Tatsuya Tsukuda1 2

1, University of Tokyo, Tokyo, , Japan
2, Elements Strategy Initiative for Catalysts and Batteries (ESICB), Kyoto University, Kyoto, , Japan

Gold clusters protected by ligands or stabilized by polymers are viewed as superatoms from the analogy of the electronic structures with those of the conventional atoms. It has been demonstrated that H atom mimics Au atoms in bare Au clusters: the electronic and geometric structures of Au clusters are retained after replacement of the Au atom with H atom [1]. A recent theoretical study proposed that an H atom behaves as an Au atom in the Au cluster Au25(SR)18 (SR = thiolate) and contributes its 1s electron to the superatomic electron count [2]. Small nonplasmonic Au clusters stabilized by polymer exhibit localized surface plasmon resonance in the presence of NaBH4 due to electron donation from the adsorbed H atoms [3,4]. These results suggest that structures and properties of gold superatoms can be tuned through doping H atoms. However, a molecular-level understanding has not been attained about the interaction between H and Au superatoms.
The present work focuses on the interaction of H with phosphine-protected Au-based clusters [Au9(PPh3)8]3+ and [PdAu8(PPh3)8]2+ which can be viewed as oblate gold superatoms with 6 electrons.
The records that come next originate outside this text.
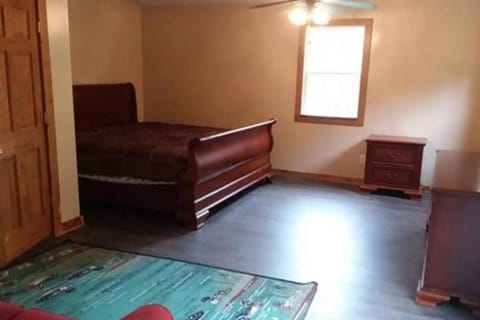 The Bunkhouse - 3 BR, 2 BA Deluxe Cabin Cabin in West Virginia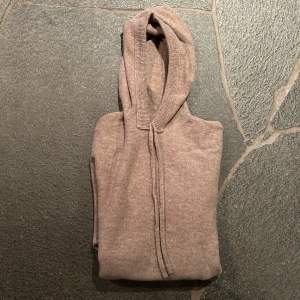 Mysig hoodie i beige. Perfekta för kyliga dagar med en bekväm passform och klassisk design. Mitt pris 150 kr 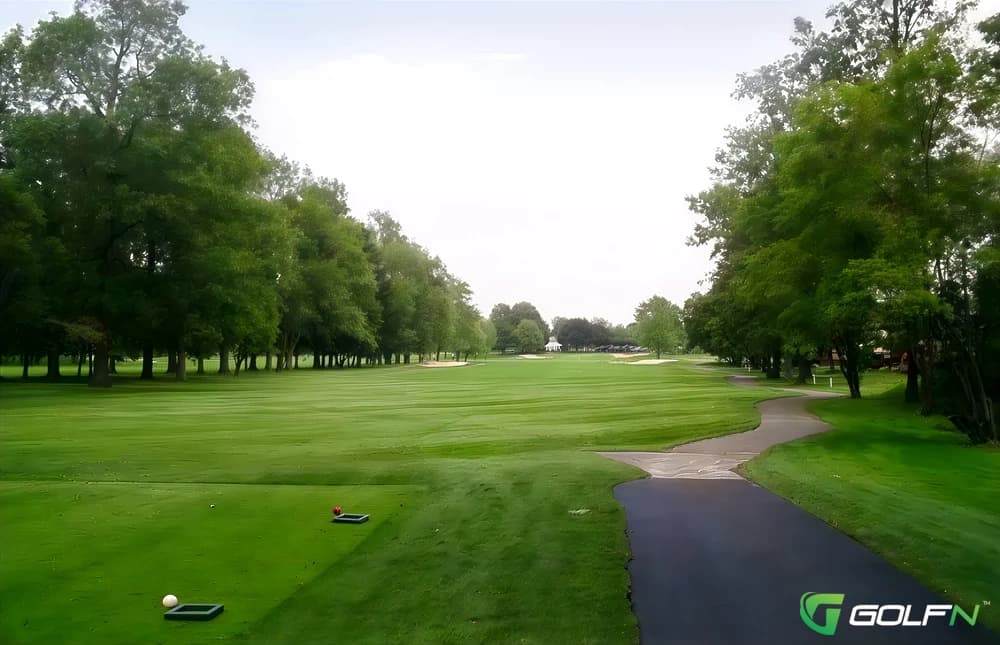 Brierwood Country Club in Hamburg, New York — private, 18-hole golf course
We observed by mass spectrometry and NMR spectroscopy that a hydride (H) was doped into these gold-based oblate superatoms upon the reaction with NaBH4. Density functional theory calculations of the products [Au9H(PPh3)8]2+ and [PdHAu8(PPh3)8]2+ demonstrated that hydride is bonded to a coordinatively unsaturated site at the center and that the (Au9H)2+ and (PdHAu8)+ core can be viewed as nearly spherical superatom with closed electronic shells. The hydride-doped superatoms (Au9H)2+ was successfully converted to the well-known Au113+ superatoms by the reaction with Au(I) complexes, while the hydride in the (PdHAu8)+ remained during the growth to (PdHAu10)+. These hydride-mediated growth processes will provide a new atomically precise synthesis of Au clusters via bottom-up approach.
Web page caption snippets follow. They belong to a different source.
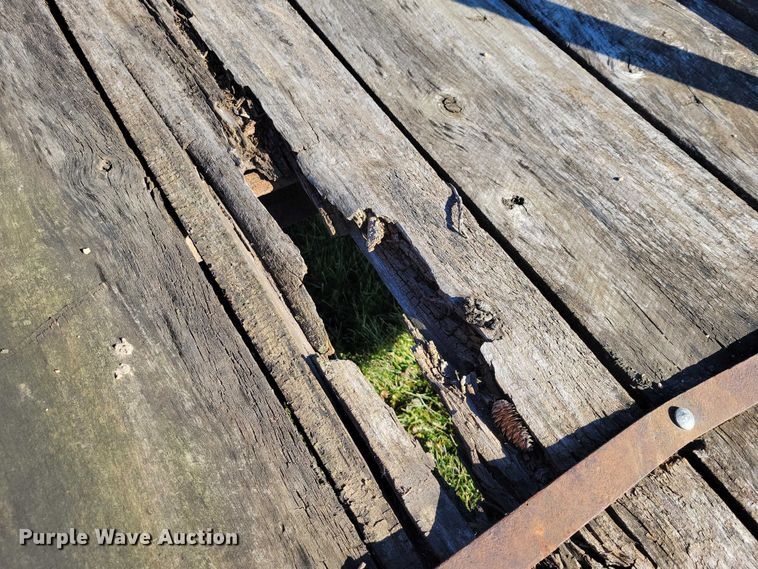 image for item EA2742 1995 Econoline MP425DF equipment trailer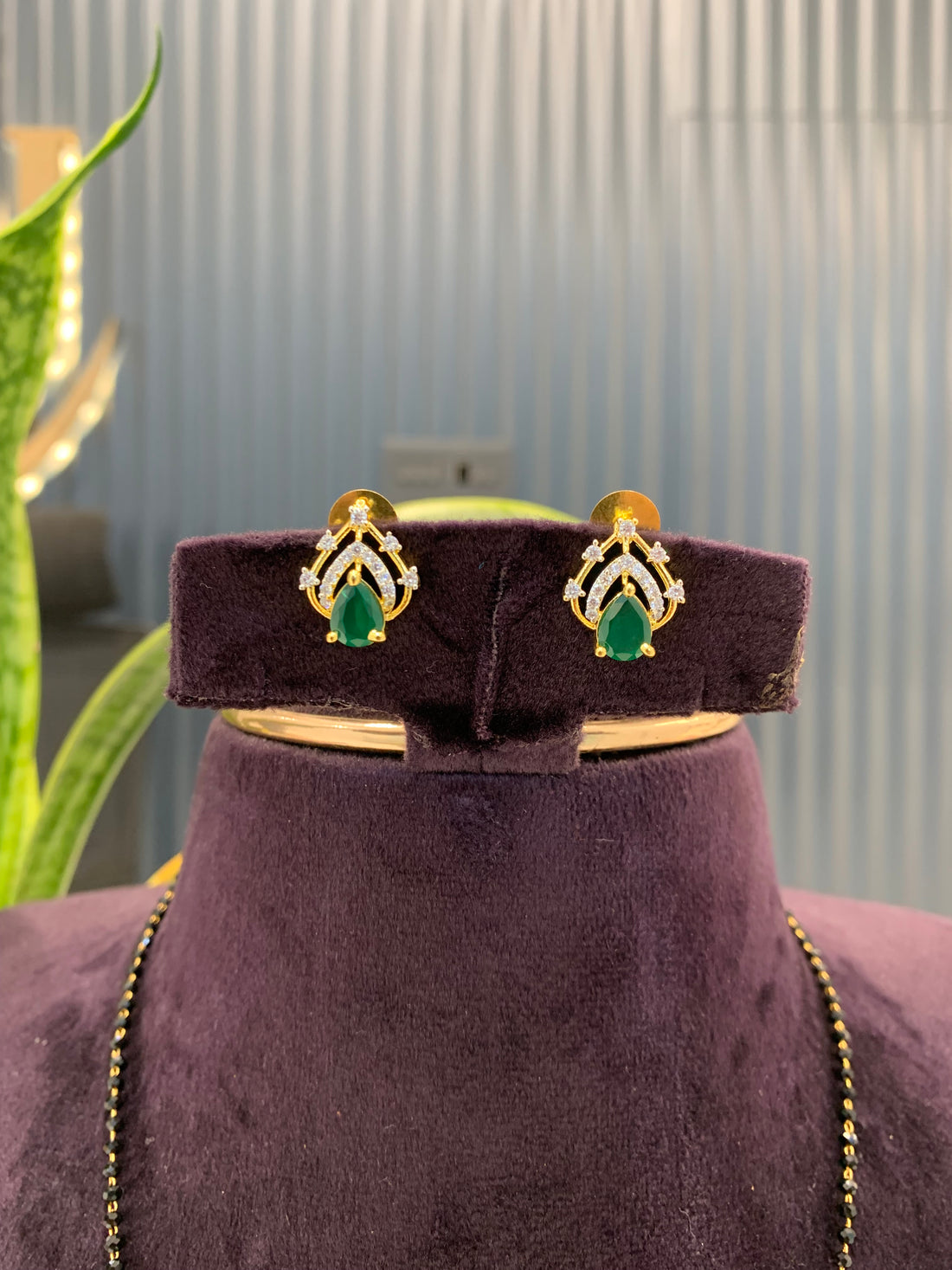 Beautiful GJ drops  Black beads with Earstuds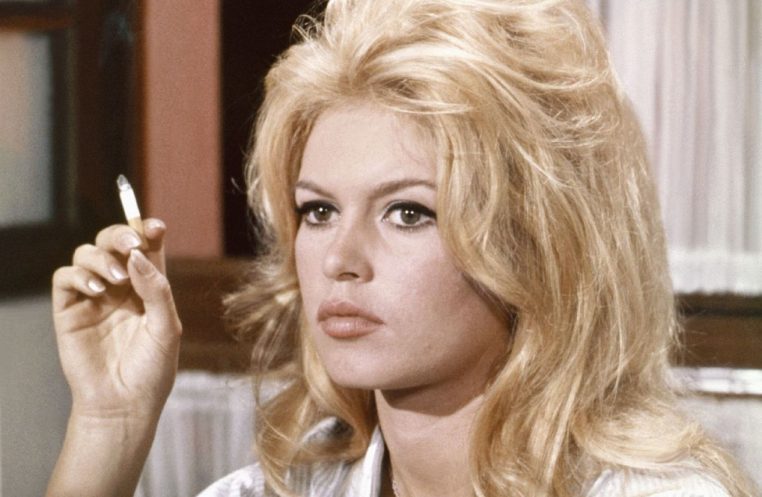 Découvrez la ressemblance frappante entre Brigitte Bardot et celle qui va incarner son rôle à l'écran. 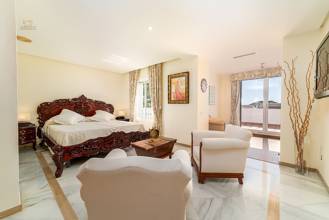 Thumbnail von Villa For Sale in El Paraiso, Málaga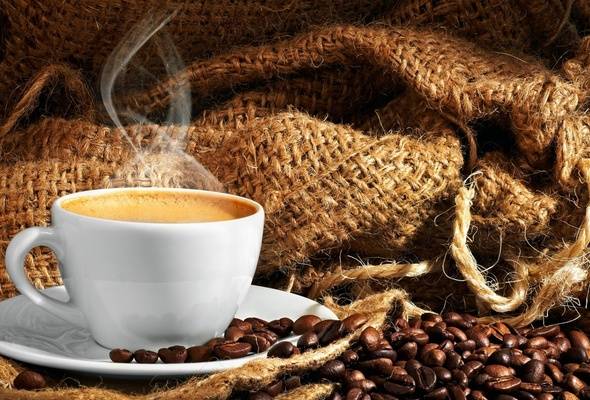 روزانہ کافی کا ایک کپ کورونا سے بچا سکتا ہے، تحقیق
[1] Buckart, S.; Ganteför, G.; Kim, Y. D.; Jena, P. J. Am. Chem. Soc. 2003, 125, 14205.
[2] Hu, G.; Tang, Q.; Lee, D.; Wu, Z.; Jiang, D.-e. Chem. Mater. 2017, 29, 4840.
[3] Ishida, R.; Yamazoe, S.; Koyasu, K.; Tsukuda, T. Nanoscale 2016, 8, 2544.
[4]Ishida, R.; Hayashi, S.; Yamazoe, S.; Kato, K.; Tsukuda, T. J. Phys. Chem. Lett. 2017, 8, 2368.